Even then I would compare myself to other girls. I desperately wanted the bodies they had. Small, delicate, and hard like an eraser. I was desperate to feel comfortable enough with my own body to join my classmates in their ballet classes, or to be able to go to pool parties without it being a traumatizing experience that would inevitably end in tears.
I am not now, nor have I ever been ‘fat.’ I have weighed more or less at times, but I always fluctuate within the spectrum of ‘normal’ weight. Nobody whom I have been close with has encouraged me to lose weight or insulted my figure. Even in moments of intense honesty, nobody I’ve been romantically involved with has told me that they would be more attracted to me if I lost weight (although I still suspect that to be true for every person I have sex with or ever will have sex with). I don’t know where my bodily insecurities stem from or how to get rid of them.
I’ve always felt bigger than most people. Not just my weight, but everything about my body. I was fully developed by the time I was 12, and for those of you who don’t know what it feels like to be a five-foot-eight-inch tall middle schooler with size 34-C boobs, it’s really not as fun as it sounds. I didn’t start to feel even vaguely ‘normal sized’ until midway through high school when all the boys had finally reached their pubescent growth spurts. I’m still a bit taller than the average girl and people love reminding me of it. When someone says to me ‘You’re so much taller than I imagined you to be’ what I hear is ‘I didn’t imagine you to be such a horrifying obese giant.’
I hate shopping, mainly because it causes my bodily insecurities to surface.

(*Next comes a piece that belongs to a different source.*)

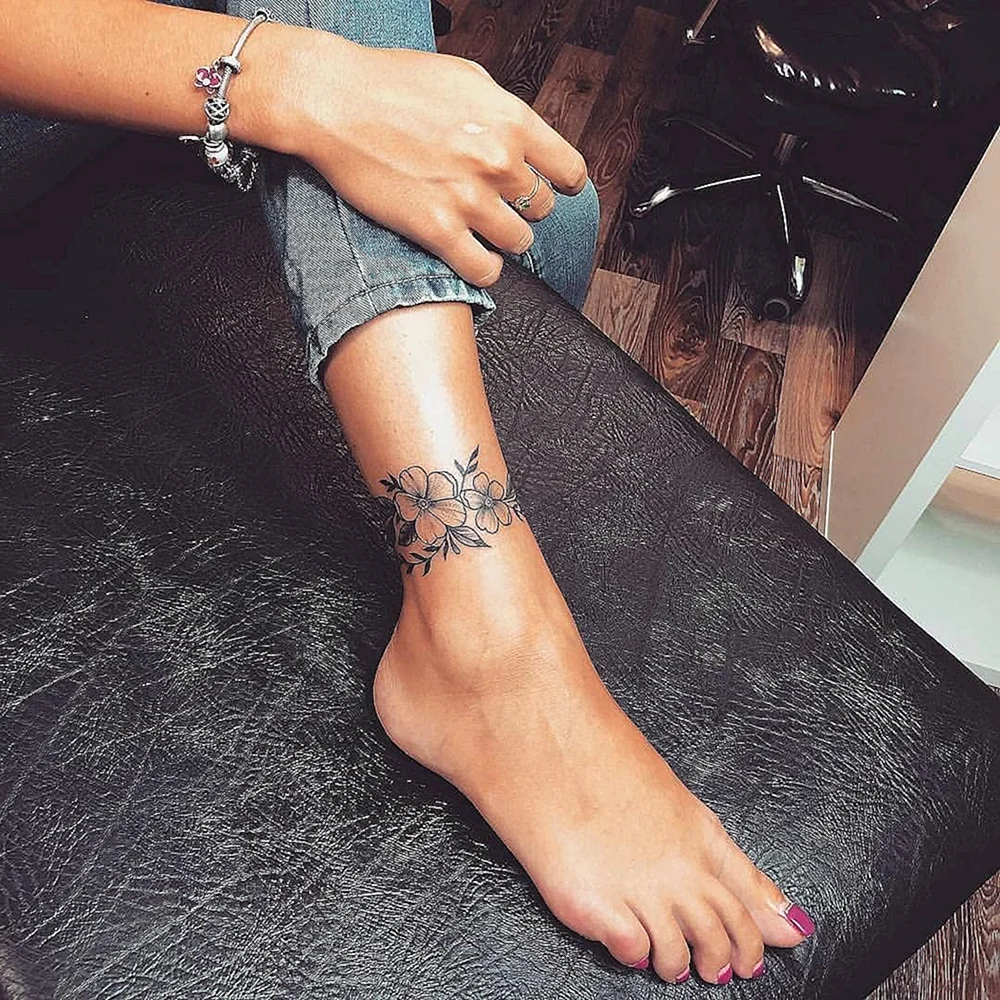 Leg Bracelet Tattoo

I think about the way my body looks almost constantly, but going shopping makes it so that I have to immediately put myself into a category. With the options ‘small,’ ‘medium,’ ‘large,’ and ‘extra-large’ presented to me, the inaccurate image that I have of my own body takes control and I always, without fail, assume that I’m a size extra-large, even in men’s clothes, and sometimes I do the same thing with shoes. This results in me looking like an insane homeless person 100% of the time. I wear comically huge men’s shirts as dresses and pretend like I meant for it to be that way, like I’m trying to do that ‘Keebler™ elf in regular people clothes’ thing that Mary-Kate Olsen does, when, in reality, I just have an extremely skewed perception of the size of my own body.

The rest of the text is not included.